Towards a safer, driverless future
Swiss Re teams up with HERE to map the insurance implications of connected cars and automated cars.
New technologies such as car connectivity and Automated Driver Assistance Systems (ADAS) are disrupting the motoring world, making driving much safer and opening new opportunities for re/insurers.
According to a new study, a collaboration between maps giant HERE and Swiss Re, sophisticated ADAS features could cut motor accident frequency by more than 3.5% by 2020, helping reduce the yearly 1.2 million fatal road traffic accidents worldwide.
Fewer accidents will likely lead to lower expected losses for insurers, which in turn should bring down overall 3rd party motor liability premiums. As sensors and car computing become more complex and replace an increasing number of the driving decisions, part of the liability will shift from the driver to the product manufacturer. However, other motor risks, such as damage from hail or losses from theft, will remain.

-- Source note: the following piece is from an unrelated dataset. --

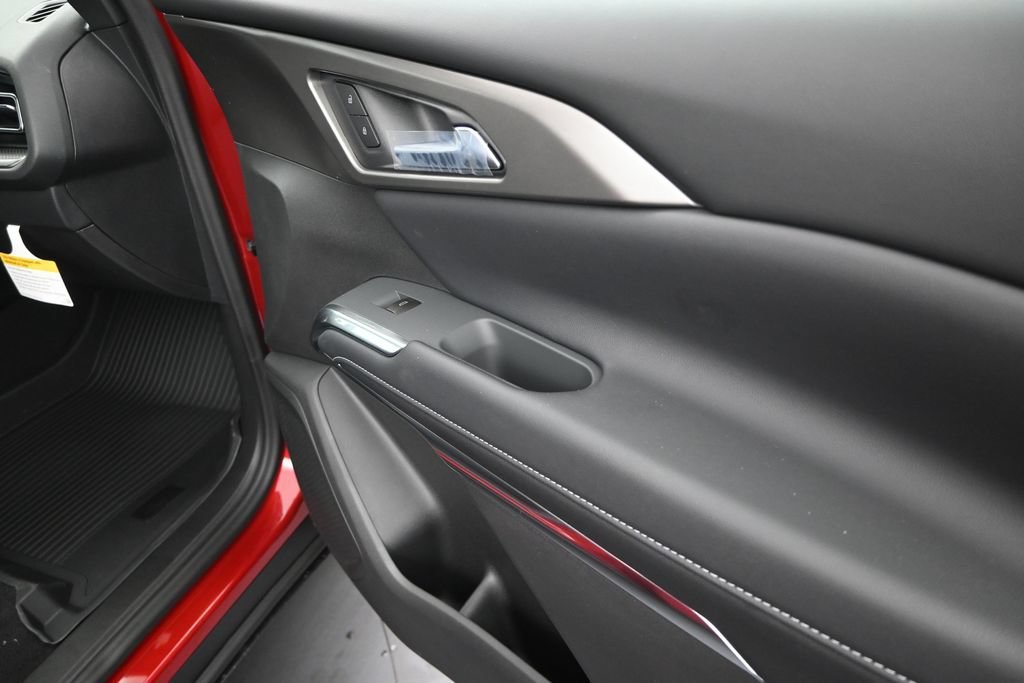 2027 Chevrolet Traverse LT - Photo 23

The research also found that car connectivity opens huge opportunities in the area of Usage-Based Insurance (UBI). Products based on how often, where and how people drive not only enable insurers to foster better driving behaviours -leading to lower risks- but also offer new solutions for increased flexibility. For instance, in future, users will be able pay for car insurance cover for as little as an hour's driving, and rates will adjust from one drive to the next.
Jayne Plunkett, who heads up the Casualty Reinsurance Underwriting Division at Swiss Re, highlighted: "New technologies are helping us better understand and manage risks. Vehicles outfitted with sensors and control modules that enable vehicle-to-vehicle (V2V) and vehicle-to-infrastructure (V2I) communications offer drivers re-routing suggestions to avoid road hazards and call for assistance in the event of an accident. Soon, cars will have precise-enough awareness of where they are in relation to other vehicles and potential hazards to take preemptive action to avoid accidents, helping us make the world's roads safer and increase resilience".